Typically, those within the most recent year or two can hurt the scores the most. If an account
was delinquent a while ago, but the credit report doesnt indicate the date, this factor can pop up
as well and in this situation banks need to be more alert.
6. Serious delinquency, derogatory public record or collection filed:
This can mean that the customer's credit report includes a bankruptcy, judgment, tax lien or
collection account. Bankruptcy remains on the report for 10 years from the date of its file; paid
judgments can be reported for 7 years but unpaid judgments can stay on there even longer; paid
tax liens are removed 7 years after being paid, but unpaid tax liens can remain on the report

indefinitely; while collection accounts may be reported seven years and 180 days from the date it
first fell behind with the original creditor leading up to the account being turned over to
collections.
7. No recent revolving balances (or no recent bankcard balances)

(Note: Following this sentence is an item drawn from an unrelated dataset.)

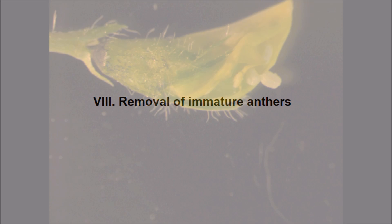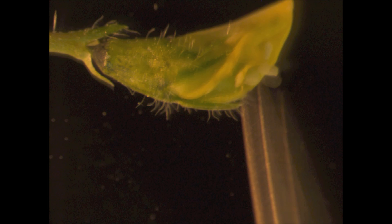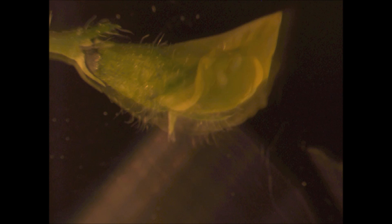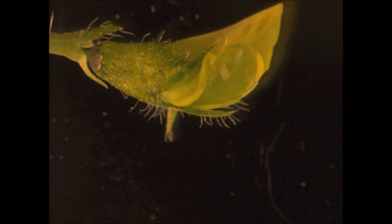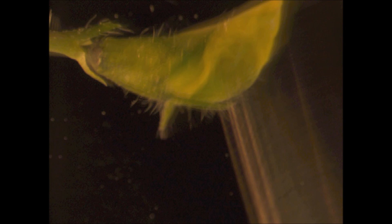To remove the anthers, use the fine forceps tips and gently push out the anthers from the sexual column. During removing anthers, make sure that you don't rupture the anthers to accidentally release pollen grains onto the surface of the stigma, which could cause self-pollination.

This reason may appear when the credit report doesnt include any revolving accounts (usually
credit cards), or when all the credit cards closed or are no longer being reported. If the customer
have open credit cards, it may also appear when there are no balances on those accounts.

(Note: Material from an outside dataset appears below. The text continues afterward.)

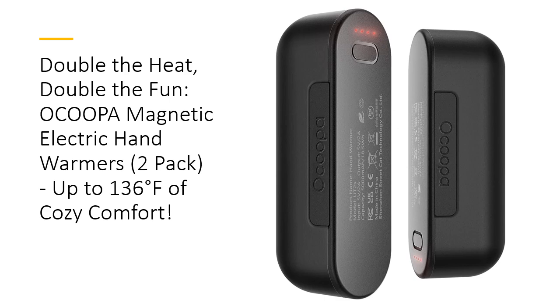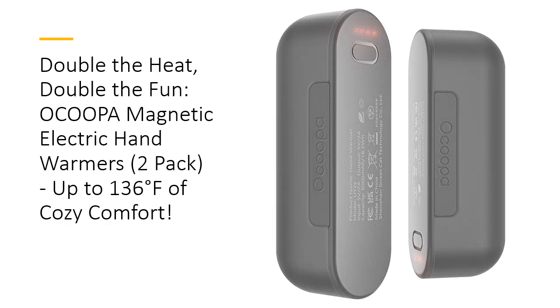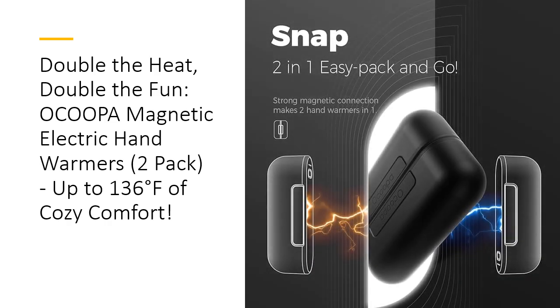Whether you're braving the winter cold, playing golf, or hiking, these high-tech hand warmers offer up to 136 degree Fahrenheit of heat, providing comfort where you need it most. What sets Ocupa Mag Twins apart from other hand warmers is their unique magnetic attraction. These hand warmers are designed to snap together with strong magnets, allowing you to use them as one large hand warmer or separate them for dual use. Share the warmth with a friend or enjoy the toasty heat in both pockets. Either way, you'll experience superior warmth that other brands simply can't match.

8. Lack of recent installment loan information:
When customer had a mortgage and it was paid off years ago, pay cash for his car, or he dont
have any outstanding student loans. Guess what? The fact that the customer is ultra-responsible
here doesnt help his credit scores, but banker needs to check this case very carefully from he
time he downloads this report by filling up the KYC details. If the score is genuinely low then
banker can go ahead with the case.
9. Too many consumer finance company accounts.
Consumer finance companies make relatively small personal loans, usually limited to several
thousand, and quite often at interest rates higher than those on most credit cards. Consumers who
rely heavily on consumer finance company accounts tend to be riskier to lenders than consumers
who do not have any.
10. Negative/Restricted profiles should not be entertained:
Loans to customer in restricted profession as per the past experience and analysis will not be
offered. However if the customer has at least one year loan track record of a sound EMI from a
approved financer then the case can be treated in a deviation.